The value of $v$ is not explicitly stored in memory but can be computed at any time. Instead, the value $s$ is stored, such that at time $t$ the value $v$ is expressed as follows: $$ v = \alpha^{s-t}. $$

Without going into detail, let us just say that with this approach, the update rule and estimation take the form:
\begin{align}\label{eq:edecay-update}
s &\mathop{\mapsto}^t t+\log_\alpha(1 + \alpha^{s - t}) \tag{1}\\
r(s, t) &= \alpha^{s - t}.\nonumber
\end{align}

1.3 QDecay: a Faster Decay

When looking at the exponential decay model, we can see that the decay function (in this case, the exponent) satisfies the differential equation:
$$\frac{dv}{dt} = -\lambda v.$$
In fact, from a physical point of view, it is instead the other way around: this is the equation describing radioactive decay, and the exponent is its solution.

Indeed, the meaning of the equation is that the rate of decay is proportional to the amount of matter available. At some point, we intended to improve the model making decay faster, so we tried to take a quadratic law (QDecay) instead of a linear one:
$$\frac{dv}{dt} = -\lambda v^2.$$
The solution is a new decay function:
$$
v(t) = \frac{1}{\lambda t + 1/v_0},
$$
and it is really gotten steeper.

Remark. It is hardly correct to say that a hyperbola is steeper than an exponent. However, large values decay indeed faster (and vice versa for small values).
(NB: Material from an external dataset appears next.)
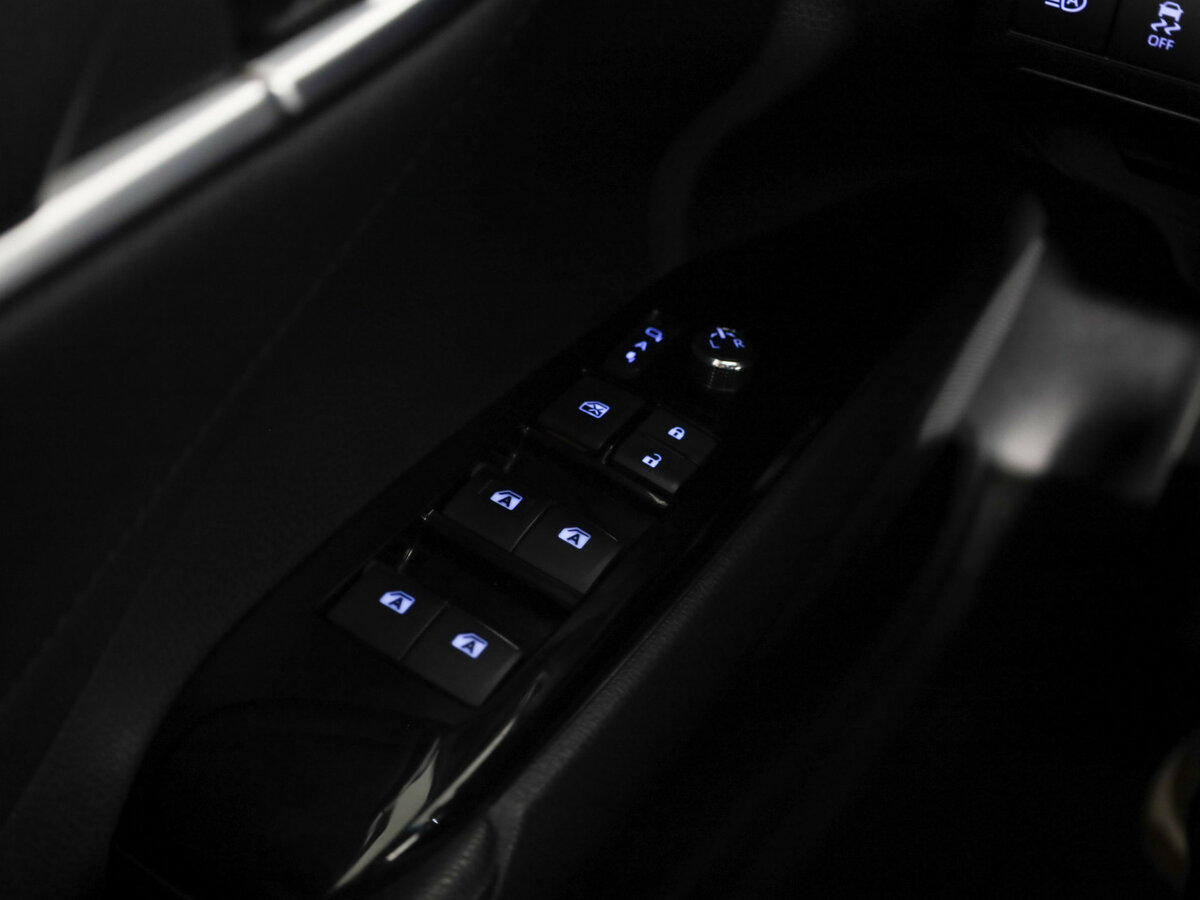 Купить Toyota Camry с пробегом. Фото: #18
Similar to the model discussed previously (with exponential decay), here, we can represent the counter state as a single number $s$. The corresponding update rule and rate estimate look like this:
\begin{align}
s &\mathop{\mapsto}^t t - \frac{t-s}{1 + \lambda(t - s)} \tag{2}\label{eq:qdecay-update}
\\
r(s, t) &= \frac{1}{\lambda(t - s)}.\nonumber
\end{align}

The great thing here is that calculating the update function is cheap: it requires only elementary arithmetic operations, with only one division. That is, all we originally wanted was a faster horse (faster decay), but we got a new useful feature (cheaper calculations).

We could go further by providing a higher degree in the equation defining the decay function: $dv = -\lambda v^3 dt,$ and so on, but the solution is more complicated, the calculations are more expensive, and the obvious benefit is somehow not noticeable. Rejected

1.4 SW: Averaging of Interpacket Interval

Consider another approach to constructing counters, namely averaging. In this case, we will average the time interval between neighboring events. We call this value the interpacket interval, because we deal with network traffic, where the event is the arrival of a network packet, and the word “inter-event” has somehow not caught on.
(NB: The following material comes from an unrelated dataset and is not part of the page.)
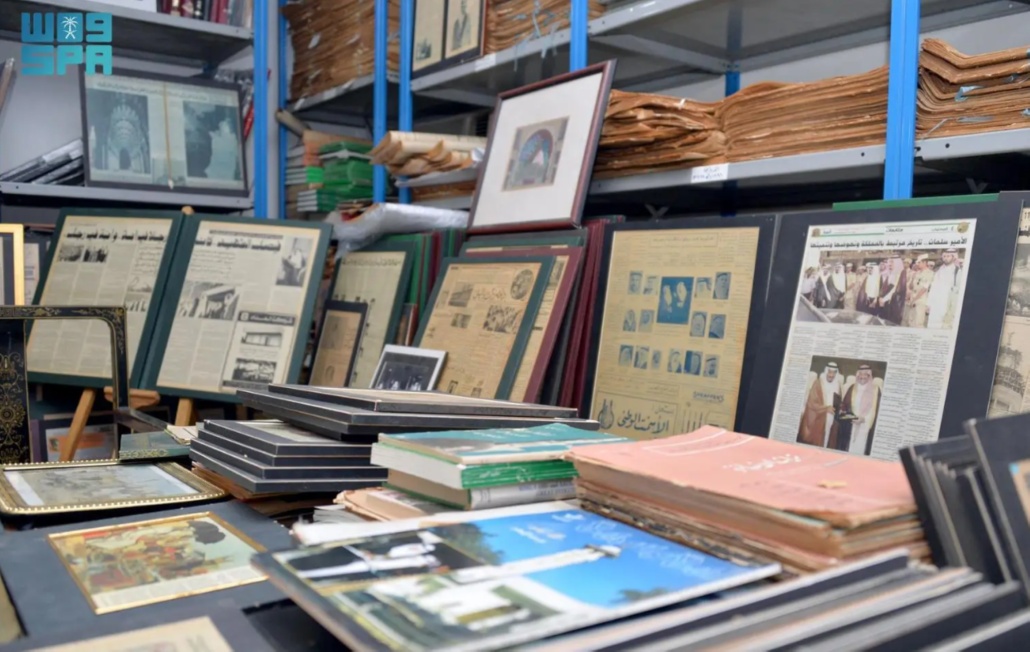 متحف خاص يوثق تاريخ المملكة عبر أرشفة الصحف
Generally speaking, the point of this approach is that we have a sequence of values of some quantity (in this case, interpacket intervals) that changes too quickly to be used directly, and we want to smooth or average this sequence in some way.

Definition (averaging). Let there be a sequence $\langle p_n\rangle$, then its average at the $n$th step is defined as follows:
$$
\overline{p}_n = \frac{1}{n} \sum_{i = 1}^n p_i.
$$
Here, we get the arithmetic mean of the last $n$ members of the sequence.

This definition may be generalized. The weighted average of a sequence $\langle p_n\rangle$ is the sum
$$
\sum_{i = 1}^n \omega_i p_i,
$$
where $\omega_i$ are some weights such that $\omega_i\ge 0, \sum_{i}\omega_i=1$.

Recall that the newer events are, the more interesting we find their contribution to the rate estimate. So it is natural to use weighted averaging instead of usual averaging, giving more weight to recent events. Weights may be chosen in different ways; now, let us try to take the weights as terms of a geometric progression. This way of summing up is called exponential moving average (EMA).

Definition (EMA averaging). The exponential moving average of the $\langle p_n\rangle$ sequence is defined as follows:
$$
\overline{p}^{EMA}_n = \frac{1}{B}\sum_{i = 1}^n (1-\beta)^{n-i} p_i,
$$
where $\beta\in(0,1)$ is a parameter, $B=\sum_{i = 1}^n (1-\beta)^{n-i}$.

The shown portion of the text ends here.